「恋は罪悪ですよ。」

 塩釜神社の境内では、今日、子福桜の花が開いた。昨日の河津桜に続いて2種類目である。びっくり!
 それはともかく、今年度も2年生の現代文を担当している。昨年度は普通科だったが、今年度はビジネス科(2クラス)だ。普通科の現代文は3単位だが、ビジネス科は2単位である。しかも、前任者(1年次の担当者)がやっていたことを踏襲して、毎時間、漢字の小テストをし、前時にやった小テストの返却・解説をした上、生徒が順番に気になった新聞記事を紹介してコメントを付け、それを全員に向かって発表するということをしたりしていたので、教科書を読む時間がなかなか取れない。1年次は国語総合で4単位だったからまだよかった。それと同じやり方を2単位の現代文でするのが間違いだった、と思った時には後の祭り。授業は遅々として進まない。加えて、前回の考査(後期第1回=11月末)以降は、修学旅行がある、インフルエンザによる学級閉鎖がある、で、2月に入ってから、わずか5時間くらいで漱石の「こころ」を扱う羽目になった。
 教科書には『こころ』下「先生と遺書」の一部しか採録されていないとはいえ、上下2段組で26ページもある。朗読をすれば、丸々2時間以上かかる。ということは、それ以外で使えるのは3時間くらい、ということになる。無理と言ってしまえば、無理である。しかし、何しろ『羅生門』『山月記』とともに、あらゆる会社の教科書に採録されている定番教材である。その内容は、もはや国民の共通教養とでも言ってよいであろう。大人になってから、どこで、どんな高校の卒業生と出会っても、「こころ」と言えば、「ああ、あれね」と言える状態を作っておくことは必要に思われた。よし、漢字の小テストと新聞レポートやめて、5時間で「こころ」やるぞ。
 何しろ5時間なので、昨年度と違って(→昨年度のやり方)教科書引用部分全体の朗読はした。その上で、Kの遺書にある文言「もっと早く死ぬべきだのに、なぜ今まで生きていたのだろう」の「もっと早く」とはいつのことと考えられるかという問いを立て、それに対する自分なりの答えと共に、初読の感想を書かせた。
 生徒の書いた作文に、「覚悟」という繰り返し出てくる単語に注目した意見が多かったので、「覚悟」とはどのような覚悟か、Kの本心(=たいてい分からない)がどのようなもので、どこが私の憶測なのか、それにKの信条や性格を重ね合わせながら、単純に恋に破れて自殺したというだけの物語ではないことを確認しておしまい、である。生徒の読み取りを待ちきれずに、私が一方的に解説をしただけの部分も少なくない。
 後期第2回の考査問題の末尾に、授業の感想等を書く欄を作っておいたところ、意外なほど多くの生徒が、「こころ」は面白かったと書いていた。たった5時間ほどの授業で、感想を書かせるのは酷かな、と思っていたのだが、それを見て、授業時数が少なかったため、平常点のネタにも困っていることだし、と、考査明け最初の時間に、25分間でB6版の紙に感想を書かせることにした。非常に真面目な生徒達なので、手を抜くことなく紙を文字で埋めた。そんな中に、次のような作文があった。
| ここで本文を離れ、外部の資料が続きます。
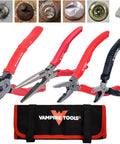 4-Piece Screw Extractor Pliers Set With Tool Pouch For Auto And Home Projects Includes 8 Inch Lineman, 7.5 Inch Long Nose, 6.25 Inch Combination, 5 Inch ESD Safe Mini Pliers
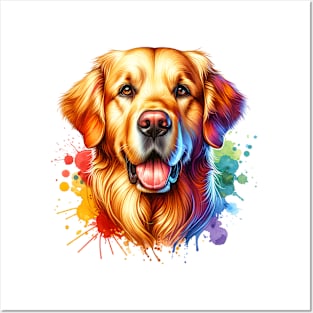 Bright Watercolor Golden Retriever Posters and Art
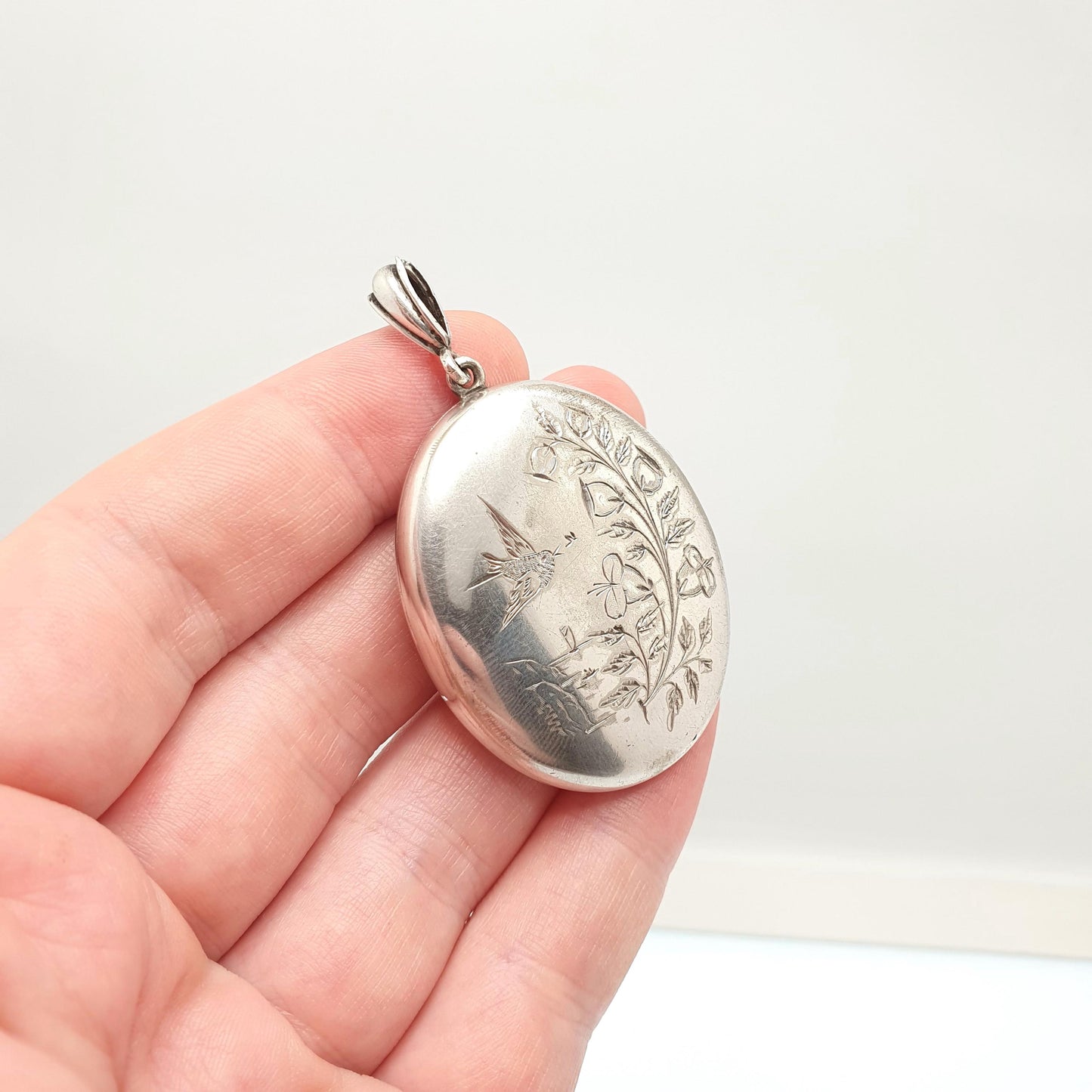 Antique Victorian Solid Silver Bird Locket Floral Flower Pendant Picture Photo Aesthetic Vintage Womens Jewelry Jewellery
「これが本当にあったら悲しい物語だなあ、と思います。なぜなら、この作品には悪人がいないからです。好きになるというのは、人間の子孫繁栄には必要なことであって、2人がたまたま同じ人を好きになってしまって、結果こういう風になってしまっただけであって、誰が悪い?と問われると、誰も悪くないんです。だからこそ、悲しい物語だと思います。」

 これはなかなか鋭い指摘だな、と思った。読み取ることはぜんぜん難しくない。やがてKを出し抜いてお嬢さんとの婚約を決めてしまう「私」は、絶えず良心の呵責に苦しんでいるから悪人とは言えない。どうすればKに恋を諦めさせることが出来るか、ただひたすらそんなことを考えているにしても、恋敵となってしまった以上、非難するのは酷である。確かに、悪いのは「私」であるよりは、むしろ「恋」であろう。善人ばかりが集まっているにもかかわらず、それぞれが破滅へ向かって進んで行く。
 「恋は罪悪ですよ」。上「先生と私」の中で先生(後の「私」)が私に向かって語る言葉である。教科書の冒頭に置かれた「前書き」や「省略部分のあらすじ」には、この言葉が引用されていない。「恋や財産について感慨を込めて語りかける『先生』」としか書かれていない。だが、恋は人間の心を狂わせ、どんな善人にも道を踏み外したことをさせてしまう。その意味で「罪悪」だ。書かれていなくても、おそらくこの生徒にはそのことが分かっている。とはいえ、それは本当は「罪悪」と言えない。肉食獣が他の生き物の命を奪うことが「悪」ではないように、「恋」というものの自然の摂理なのだ。
 「恋」というものに振り回され、苦しみ、自らを追い込んでいく「私」とK。確かに、彼らが善人だからこそ、「恋」に追い詰められた彼らの姿は悲劇なのだ。生物の自然である「恋」が、社会的動物としての人間と矛盾する。そこに悲劇性の本質を読み取る感性は鋭い。